As Sam’s body began to falter and fail beneath her struggle, a thought registered in her mind. Her attempt to get to the Stone was a good one, she still believed that very much. But there was a certain lack of weight in her back pocket that she had not noticed before; there was no lump pressing into the back of her butt the way there should have been as she lay on a hard surface. Instead, the same cold slab that stood in place of a bed sent its chill beneath her jeans and into her skin without interruption.
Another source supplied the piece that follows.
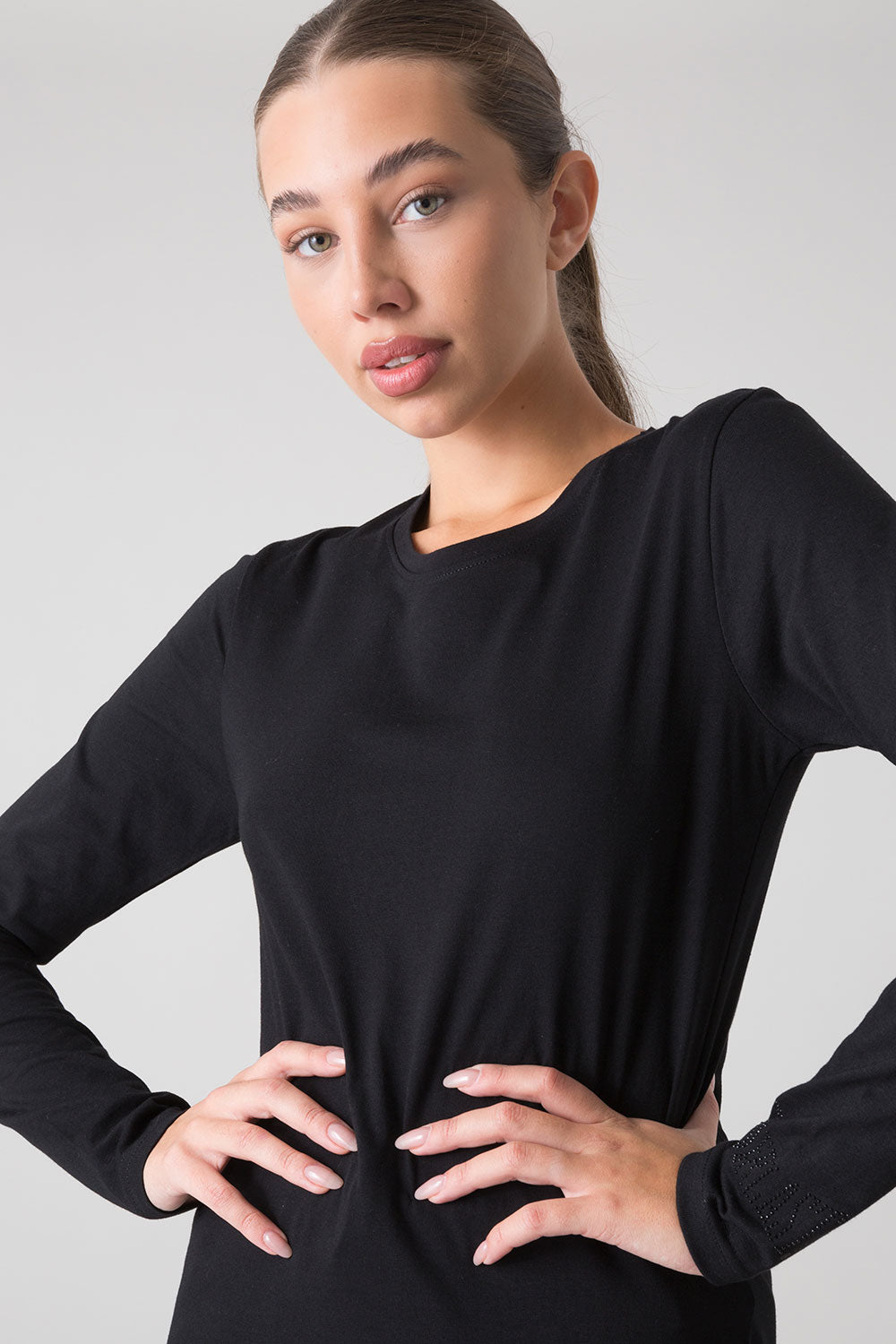 BASIC T-SHIRT A MANICHE LUNGHE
Her last hope was gone. Somewhere, during the trials and tribulations of her flight from the apartment, she had lost the Stone. Was it while she was fighting the creature? Or while she had been sick at the deaths of her neighbors? Or had she lost it in the room, in the midst of her thrashing about, and hadn’t noticed? A quick search of the floor put that thought to rest with ease, unless the Stone had already been covered by the running filth – which had risen another inch since her struggle began. Somehow, deep in her gut, she knew that it wasn’t just out of reach; she would have noticed if it had splashed to the floor below! That alone sealed her fate. Unless Miles returned, she would die a miserable death, drowned by the foul rising liquid that was anything but mere water.
Panic took her, then, as it had not before. Being faced with her own inevitable death was more than her overwrought mind could handle, but death by something she feared as much as drowning was beyond cruel. She would rather have been torn to pieces by creatures; at least the pain would end. Now, she would have to feel the air being wrenched from her lungs, feel her body begin to struggle for more that it had no chance at receiving, and at last, the moments where she did not have enough, and her body shutting down one cell at a time. It was better to scream for Miles, better to kill herself fighting her bonds, than it would be to suffer that kind of end.
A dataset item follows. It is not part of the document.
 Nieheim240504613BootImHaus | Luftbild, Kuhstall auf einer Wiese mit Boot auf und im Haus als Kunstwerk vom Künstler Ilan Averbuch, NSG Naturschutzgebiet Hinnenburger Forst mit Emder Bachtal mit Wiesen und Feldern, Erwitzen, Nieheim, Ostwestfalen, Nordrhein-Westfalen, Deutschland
Tears ran down her cheeks and fell away, joining the rising muck beneath her, as she began to scream for Miles at the top of her lungs. Whether she liked it or not, he was her last chance at salvation. There was no time to think of regrets; she could have been kinder, and she could have stayed to help him, and she could have done more than walked away when faced with the admission of his love, but none of that could be changed now. Maybe he would think she had a change of heart only to save her own skin. She deserved that. But she was a fool, and she had known it all her life; these were not the first mistakes she had made, nor would they be her last. She hated herself for them, wanted as few of them as possible, but they were as much a part of her as her name and her face. Death, to pay for them, was appropriate, but she wanted a chance to set things right. As young as she was, she had a whole lifetime to change, and grow, and learn – but only if she survived.
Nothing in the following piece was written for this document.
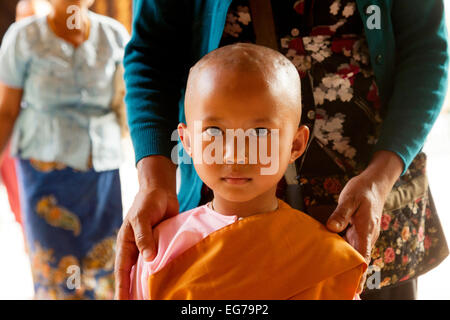 Une jeune nonne bouddhiste noviciat, Yangon, Myanmar ( Birmanie ), l'Asie Banque D'Images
Between sobs of fear and terror, and screams of the name she had only earlier found too uncomfortable to say aloud, Sam found the words that she had wanted to say all along in a whisper too soft for any ears but her own.
“I’m sorry. I’m so sorry.”
The knowledge of the missing Stone continued to haunt her as she begged for her life. The very real possibility that she had taken it from herself was all the more reason to get free of this place as soon as possible, and get home to the few things and places that did make sense. Only then would the confusion and pain cease at last.